Under certain circumstances, you may request that your personal data be deleted without delay, e.g. where retention of the data is no longer necessary in light of the purpose of the processing or because you have withdrawn your consent for the processing of the personal data and the processing is not based on any other legal basis. If the processing is based on your consent, you may at any time withdraw such consent.
If you do not want to have your data deleted, e.g. because you need it for your defence against a claim, but you nevertheless do not want it to be processed further by the Company, you may request its processing to be limited.
If the processing of your personal data is based on legitimate interests of the Company, you also have the right to object to such processing.
Your above rights are not absolute. Thus, laws may obligate the Company to reject a request for deletion or access to data. In addition, the Company may reject your request in consequence of the Company's rights, such as on the basis of intellectual property rights or the rights of other parties, such as to privacy, if the Company considers these rights to prevail.
In case of a situation where the Company cannot meet your request, the Company will seek to explain why the request was rejected, subject to any limitations on the basis of legal obligation.

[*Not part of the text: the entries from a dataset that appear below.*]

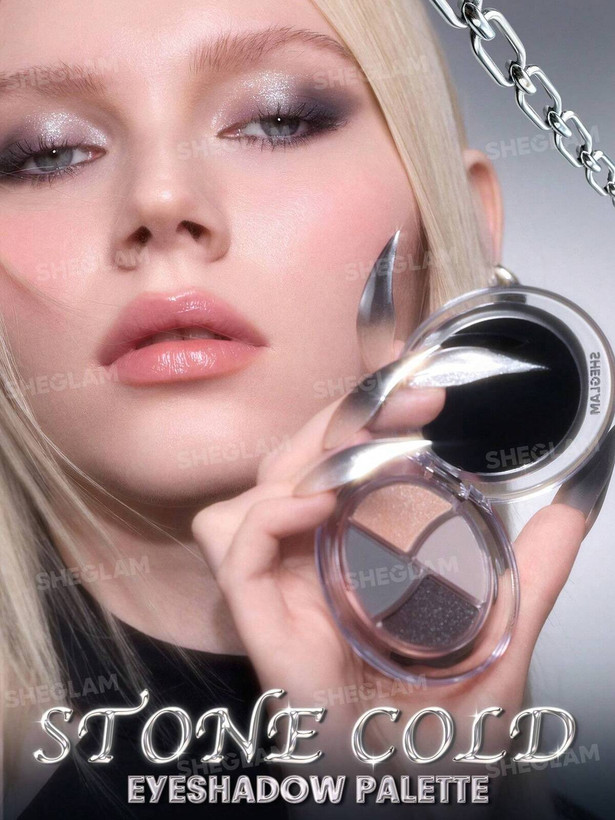 پک کامل آرایشی لوسترا شیگلم SHEGLAM مدل LUSTRA COLLECTION SET | کالکشن لوسترا کرومی و متالیک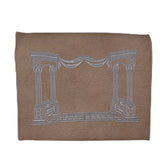 Judaica Tallit Bag Tefillin Embroidered Leather Cover
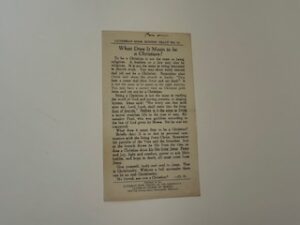 Lutheran Book Mission Tract No. 14- What Does it Mean to be a Christian?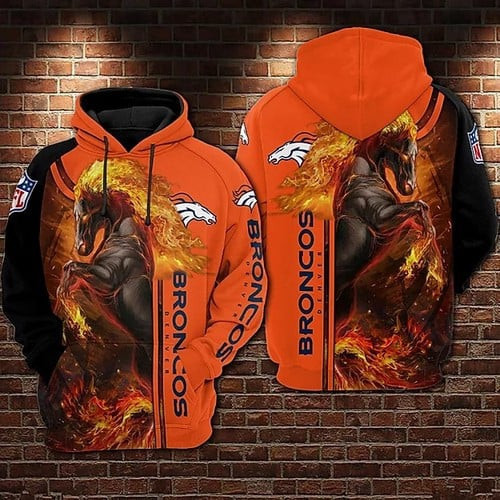Denver Broncos 4   Hoodie 3D TR7488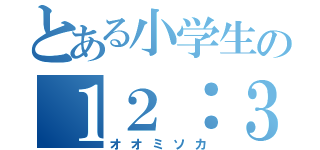 とある小学生の１２：３１（オオミソカ）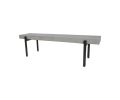 63" Gray and Black Concrete Dining Bench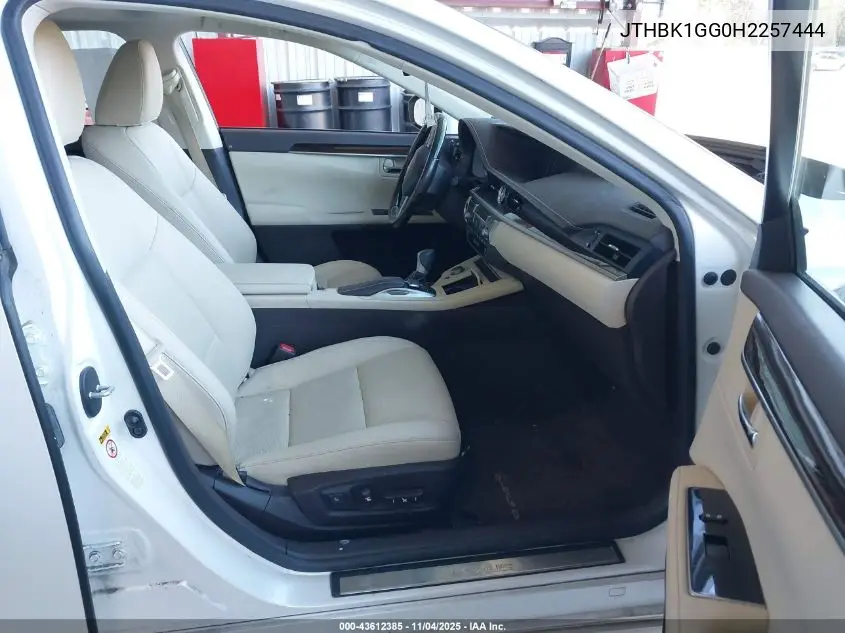 JTHBK1GG0H2257444 2017 Lexus Es 350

10. Inquiries and complaints to the Data Protection Authority
If you disagree with the Company's processing of personal data, you may submit a communication to the Data Protection Authority (www.personuvernd.is).
11. Contact information
Benedikt Egill Árnason, firstname.lastname@example.org, +354 540 0300.
The Company's contact information:
Any changes that may be made to this Policy will take effect after the updated version has been published on the Company's website.